If you’d like your money to start working for you, it’s time to learn about investing. Everyone has different needs and circumstances but here are some basics to consider. Of course, we recommend you contact us before you start putting your money into any form of investment.

What are your goals?

Start by setting your investment goals. Since each investment will vary in its potential for risk and returns, you need to choose the right investments to help you achieve your goals:

  • short-term goals—like saving to pay for a car or holiday in the next six months to two years
  • medium-term goals—what you want to achieve in the next two to five years, like starting a business
  • long-term goals—if your goal is more than five years away, like saving for a child’s education.

Investment strategies

As a potential investor, you can be exposed to many investment promotions every day. That’s why it’s important to understand the basics of investment strategies.

These include principles like diversification and dollar cost averaging, designed to help your investments work to achieve your goals.

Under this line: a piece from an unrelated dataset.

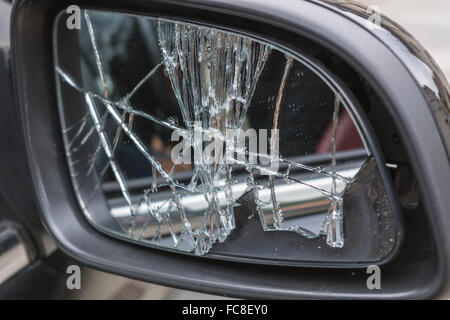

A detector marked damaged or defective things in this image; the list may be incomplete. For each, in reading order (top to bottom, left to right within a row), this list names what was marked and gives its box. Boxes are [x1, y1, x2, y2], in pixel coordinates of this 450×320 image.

Choosing the right investment option

Invest some time in making the right choices

Once you’ve put some thought into your short, medium or long-term investment goals, it’s time to look into your investment options. Certain types of investments, or asset classes, may help you reach your goals in a way that suits you.

When considering different investments, consider some key points.

Your risk tolerance

Your risk tolerance is affected by two key factors: the amount of time you have to invest and your attitude to risk.

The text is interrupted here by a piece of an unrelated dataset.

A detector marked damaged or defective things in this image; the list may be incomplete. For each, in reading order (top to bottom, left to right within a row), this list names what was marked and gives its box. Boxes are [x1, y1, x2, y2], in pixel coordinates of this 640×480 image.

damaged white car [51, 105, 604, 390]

It’s true that every investment involves some risk, but some are generally more unpredictable or volatile than others.

If you have a long-term goal, you may have time to ride through the market’s ups and downs and thereby even-out the impact of risk on your investment.

On the other hand, if your goal is short-term, you may choose to take a more conservative approach, because you won’t have the luxury of time.

But if you’re comfortable taking risks and you have big investment goals, you may decide to invest in riskier options. If you’re a conservative investor, you’re likely to prefer safer investment options, even over the long term.

The type of investment

Your risk tolerance will influence the type of investments you make:

  • Investment type (asset class) –  General risk-return level
  • Cash (savings accounts, term deposits) – Low risk, possibly low returns
  • Fixed income (bonds, debentures) – Low risk, investments can be linked to inflation rate
  • Property (buildings, land, factories) – Moderate to high risk
  • Equities (shares) – High risk due to numerous economic and global factors

We’ve covered some basic types of investments, but you could also consider:

  • insurance bonds—They’re flexible, tax-effective investments for medium to long-term goals. You can invest a single lump sum or make regular contributions to build your wealth.
  • managed funds—Your money is pooled with that of many investors and invested across a range of asset classes and managed by a trustee or professional fund manager.
  • investing in property through a managed fund or super fund—This could give you exposure to a wide range of properties in Australia and overseas, which provides you with investment diversification so not all your eggs are in one basket.